A JUNIOR Minister has rejected the banning of live hare coursing, saying the greyhound sector creates jobs and is “part of our way of life” in Ireland.

Minister of State at the Department of Agriculture Shane McEntee, who is responsible for the sector, also said there is no danger to the hare and opponents should come and witness the sport for themselves.

He said the Government is “committed to supporting the whole greyhound industry” and that includes both track racing and coursing. Speaking at the final day of the National Coursing Meeting in Clonmel, Co Tipperary, Mr McEntee said the greyhound sector creates employment and is a part of Irish life.

“The best greyhounds in the world are bred in Ireland, just like the best horses are bred in Ireland. We have to make sure no one comes near to taking that away from us.”

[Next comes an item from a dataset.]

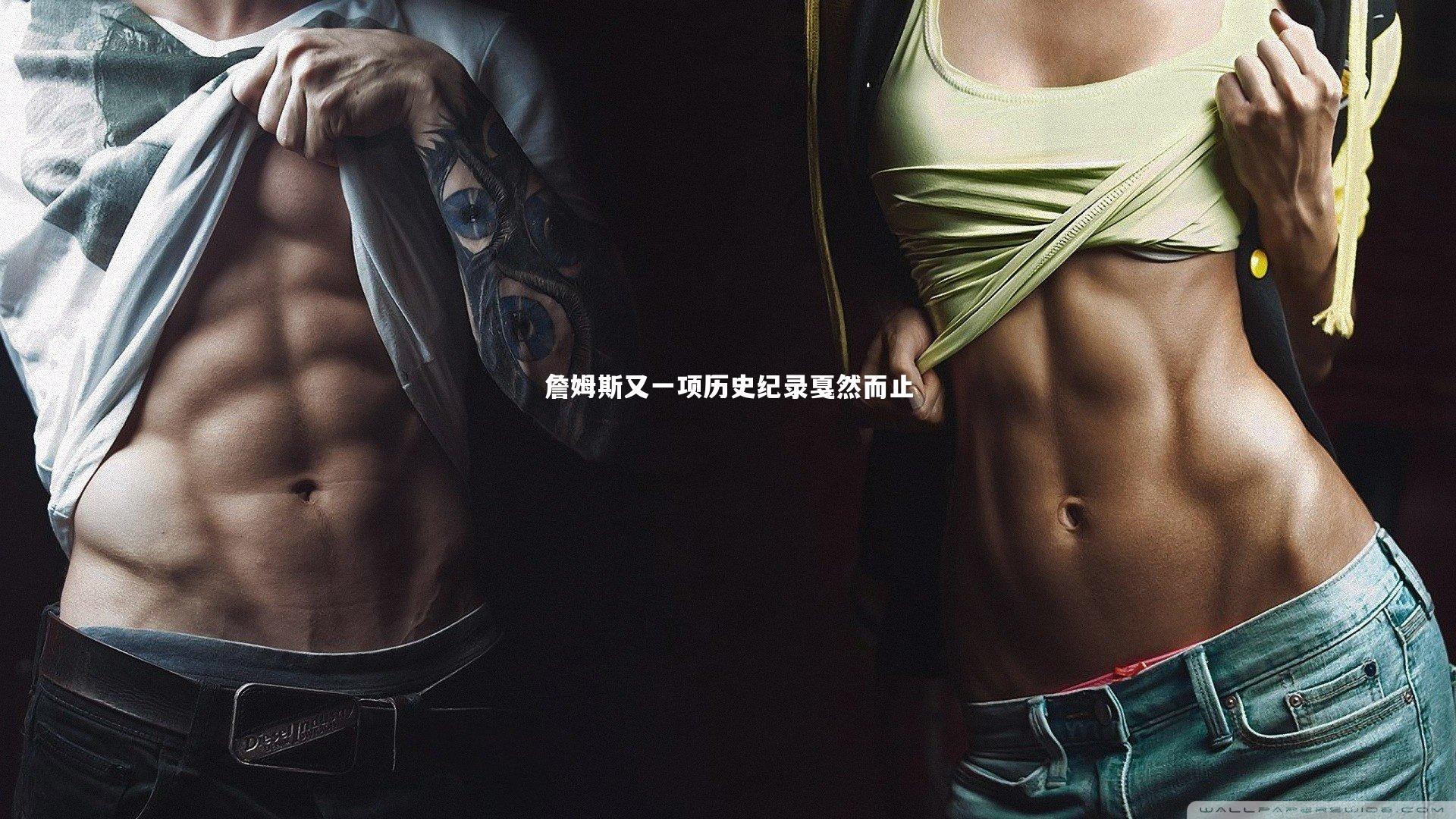 詹姆斯又一项历史纪录戛然而止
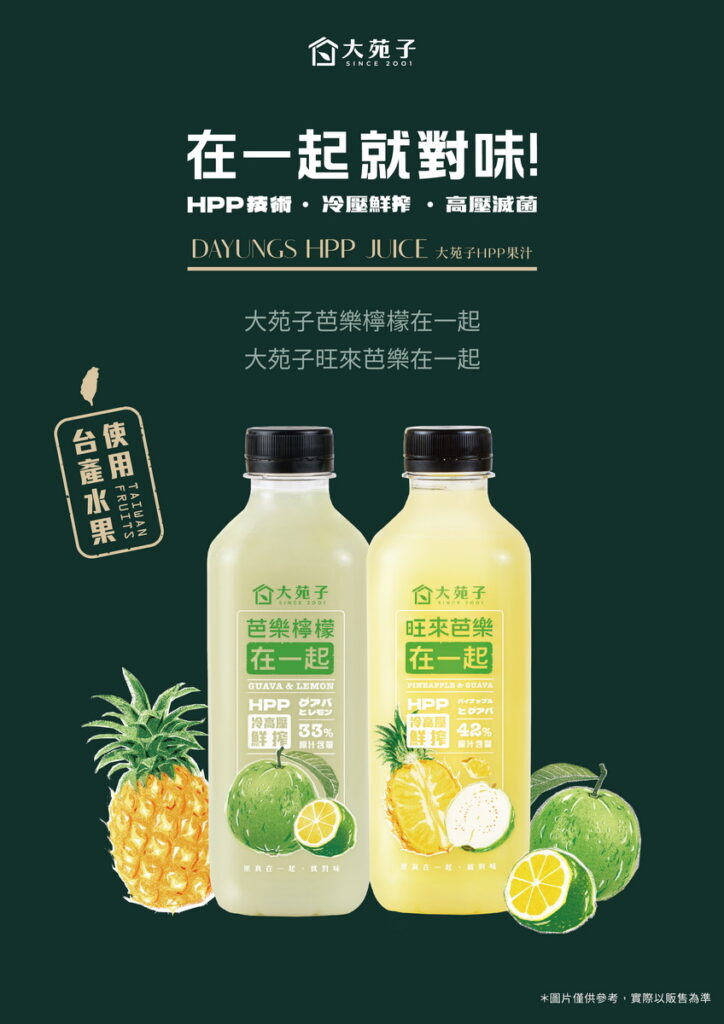 HPP果汁芭樂系列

Two members of the Technical Group in the Dáil, Clare Daly and Maureen O’Sullivan, have indicated their intention to introduce a private members’ Bill before Easter, seeking the abolition of hare coursing. Mr McEntee yesterday appealed to opponents of the sport to witness it at first hand.

“Anyone who would come down and see what is happening today – the only one that’s being made a fool of is the greyhound. There’s no danger to the hare and people should come and see for themselves.”

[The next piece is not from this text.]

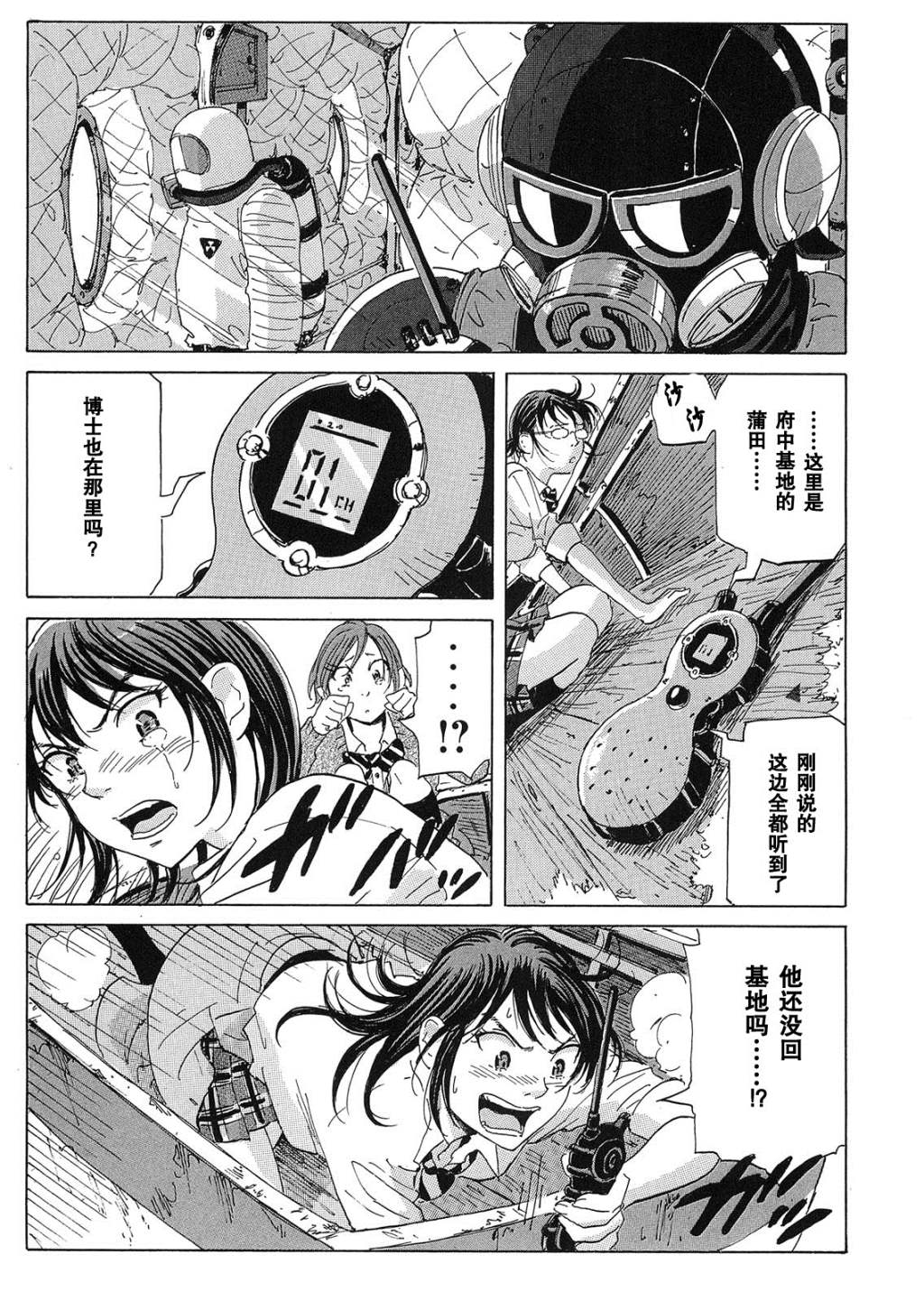 核爆默示录韩漫全集-第19话无删减无遮挡章节图片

Up to 50,000 people are estimated to have attended the three days of the national coursing meeting, in Powerstown Park racecourse in Clonmel, which is estimated to be worth about €16 million to the local economy. Chief-executive of the Irish Coursing Club, DJ Histon, pointed out that muzzling of the greyhounds taking part has been in place since 1993.

He said that, of the 565,000 hares found to exist in Ireland in a Department of the Environment survey in 2007, coursing clubs required 1 per cent.

The Clonmel event attracted large-scale protests in the years before muzzling was introduced but in recent years opposition has been more low-key.

A small crowd led by the Animal Rights Action Network held a “symbolic” protest outside Powerstown Park on Monday but there was no picket yesterday.